#GE2017 Conservative NHS spending openness and "real terms"

[ Short link to this article if you need it - https://goo.gl/g8GVjB - or retweet me ]

I'm slightly apologetic for posting a non-technical post in here but I'll make a thin connection by saying that in an era of openness and transparency where we can now use the internet and social media to interact and scrutinise policies more closely than was ever possible in the past, this makes for a curious case study. And it's one which the traditional media (from what I've seen) haven't yet taken them to task over. I should point out that in no way is this post intended as a general indication of any party policies or affiliation on my part, it's just the one that got my attention when I started spotted conflicts in the messages.

I'm confused, and I've read all of the manifestos. At the time of writing there is less than a week to go before the 2017 UK General Election, and I cannot figure out what on earth the policy of the incumbent Conservative (a.k.a Tory for those not in the UK) government is regarding spending on our National Health Service over the next parliament. The other major parties are each proposing somewhere around £30bn extra cash for the NHS to be paid for by increases on income tax. In contrast the Conservative manifesto (PDF) says:
"We will increase NHS spending by a minimum of £8bn in real terms over the next five years, delivering an increase in real funding per head of the population for each year of the parliament"
Now there are a couple of issues with this. Firstly it talks about £8bn over five years. That's not £8bn per year (which would be higher than the other parties) yet they say there will be an increase in real funding per head for each year. And that's before I get started on the ability to bend political statistics with the phrase "real terms" and variants thereof, which allows people on opposing sides to make conflicting claims using exactly the same data by including that phrase.

So assuming the population will increase - a topic that I'll come back to later on - there will be a real increase each year so the most obvious scenario is that they plan to put it in evenly so £1.6bn extra per year.

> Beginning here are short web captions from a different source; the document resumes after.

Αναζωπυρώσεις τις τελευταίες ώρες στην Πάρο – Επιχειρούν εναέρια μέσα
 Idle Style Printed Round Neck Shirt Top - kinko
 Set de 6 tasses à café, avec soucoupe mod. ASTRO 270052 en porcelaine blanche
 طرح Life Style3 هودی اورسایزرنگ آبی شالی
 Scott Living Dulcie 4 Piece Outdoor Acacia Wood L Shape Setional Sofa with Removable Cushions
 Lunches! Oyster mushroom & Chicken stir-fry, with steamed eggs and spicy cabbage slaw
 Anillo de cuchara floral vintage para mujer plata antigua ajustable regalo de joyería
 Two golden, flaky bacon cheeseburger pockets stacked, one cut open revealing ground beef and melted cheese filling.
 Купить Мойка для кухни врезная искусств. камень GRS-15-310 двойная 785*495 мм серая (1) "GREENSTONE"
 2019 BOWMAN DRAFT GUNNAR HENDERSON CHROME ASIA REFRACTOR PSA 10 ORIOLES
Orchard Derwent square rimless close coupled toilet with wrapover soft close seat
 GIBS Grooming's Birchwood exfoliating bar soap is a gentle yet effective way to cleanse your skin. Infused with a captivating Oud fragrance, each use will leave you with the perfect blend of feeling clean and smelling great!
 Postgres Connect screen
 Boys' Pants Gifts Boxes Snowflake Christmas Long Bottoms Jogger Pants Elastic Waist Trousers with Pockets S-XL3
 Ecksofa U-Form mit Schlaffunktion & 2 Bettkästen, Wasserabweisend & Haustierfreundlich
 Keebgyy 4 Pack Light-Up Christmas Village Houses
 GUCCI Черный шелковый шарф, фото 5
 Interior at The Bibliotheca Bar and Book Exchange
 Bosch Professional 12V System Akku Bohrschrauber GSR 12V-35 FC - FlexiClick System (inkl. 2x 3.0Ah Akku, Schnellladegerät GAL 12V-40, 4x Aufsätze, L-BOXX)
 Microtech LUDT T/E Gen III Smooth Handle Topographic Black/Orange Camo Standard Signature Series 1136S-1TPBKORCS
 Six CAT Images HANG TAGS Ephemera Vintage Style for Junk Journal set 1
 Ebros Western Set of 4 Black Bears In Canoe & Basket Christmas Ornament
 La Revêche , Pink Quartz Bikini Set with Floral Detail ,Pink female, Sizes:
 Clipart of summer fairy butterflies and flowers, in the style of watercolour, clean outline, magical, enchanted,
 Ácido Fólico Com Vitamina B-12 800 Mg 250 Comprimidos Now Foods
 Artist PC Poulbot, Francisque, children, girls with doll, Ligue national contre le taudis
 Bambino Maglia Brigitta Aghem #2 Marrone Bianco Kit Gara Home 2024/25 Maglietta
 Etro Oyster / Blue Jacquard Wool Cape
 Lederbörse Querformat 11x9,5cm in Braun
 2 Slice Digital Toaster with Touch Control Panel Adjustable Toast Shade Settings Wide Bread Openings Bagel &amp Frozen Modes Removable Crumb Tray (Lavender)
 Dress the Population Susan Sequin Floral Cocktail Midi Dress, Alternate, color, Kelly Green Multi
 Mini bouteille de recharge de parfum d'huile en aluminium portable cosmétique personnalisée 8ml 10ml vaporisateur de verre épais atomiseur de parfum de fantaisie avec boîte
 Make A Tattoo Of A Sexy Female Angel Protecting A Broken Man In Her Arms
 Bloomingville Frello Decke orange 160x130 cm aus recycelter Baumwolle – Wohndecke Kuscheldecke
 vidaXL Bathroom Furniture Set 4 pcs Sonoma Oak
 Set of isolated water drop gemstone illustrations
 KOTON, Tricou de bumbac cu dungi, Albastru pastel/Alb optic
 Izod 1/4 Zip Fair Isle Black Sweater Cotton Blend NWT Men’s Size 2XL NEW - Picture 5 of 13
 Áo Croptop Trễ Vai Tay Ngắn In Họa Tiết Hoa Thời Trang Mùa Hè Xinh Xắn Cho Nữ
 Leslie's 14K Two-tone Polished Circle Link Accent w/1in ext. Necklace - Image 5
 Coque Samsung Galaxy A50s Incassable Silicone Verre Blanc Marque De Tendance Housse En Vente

Except that 40m20 into the leaders debate - just after being laughed at for claiming they can be trusted - Amber Rudd, deputising for Conservative leader Theresa May who didn't want to appear, made this claim:

"[NHS] is getting £8bn/yr by the end of the next parliament"
Curious. Was this a slip of the tongue? Or is there really a policy to start throwing £8bn per year in? It appears to conflict what's in the manifesto.

On the Andrew Neil interview (13m08 in), Theresa almost reiterated the manifesto wording:

"There will be £8bn more money going into the NHS at the end of the parliament. That's a real terms increase, per head, every year"
I said "almost" because their seemed a crucial difference with that quote - she used the phrase "at the end of the parliament".  Which might suggest, taking Amber's comments into account too and on the assumption no-one made a slip-up, that they plan to put in a policy of £8bn/yr in place during the last year of parliament. So that would mean nothing for the first four years if it's going to be £8bn total as per the manifesto suggestion. But how does that tally with "real terms increase per head every year"? Maybe by drastically reducing immigration we'll end up with negative migration (we already have that in Scotland, though it's unlikely in the next parliament since even the Conservatives are only tentatively aiming for 100,000 net migration by 2022) which would increase per-head spending without actually putting money in. It dropped by 49,000 to 273,000 in the year to September 2016 which may be the start of a "brexit effect" with the value of the pound sterling dropping making us less attractive, or pro-EU citizens leaving the UK. The Conservative manifesto also proposes to double the "Immigration Skills Charge" for employing migrant workers, which may help with such a decrease. The only other option I can see is that "real terms increase per head every year" will be an average over the parliament, as opposed to a real increase in each year.

Also, unlike the other parties there's no publicised policy on where the £8bn will come from. The suggestion is that it is not new funding, but will come from redirections from elsewhere, or possibly from vague "blind faith" continued improvements in the UK economy - something that can't be guaranteed while we're going into the brexit process. If it really will be £8bn thrown in during the final year, that at least gives them some time to figure out where to take the money from. And cynically, it'll let them say "We're putting £8bn/year into the NHS" when they put their next manifesto together, unless they call another early election before five years - quite possibly since they also plan to repeal the Fixed Term Parliament Act. So if money is only going in during the final year of parliament, would we ever see it?

I did try asking my local MP but didn't get a reply ... To be fair I don't want politicians to be wasting time on potential twitter wars, but it would be nice to get a response to a clarity issue:
On the plus side, and to come back to providing a small justification for posting this on a technical blog, I've written and published this article before the Conservatives start trying to clamp down on the internet and regulate it more widely because "It is in no-one’s interest for the foundations of strong societies and stable democracies [...] to be undermined." - another manifesto quote from within their digital economy framework section. I really hope this doesn't start sending us down a road similar to China's State Subversion laws.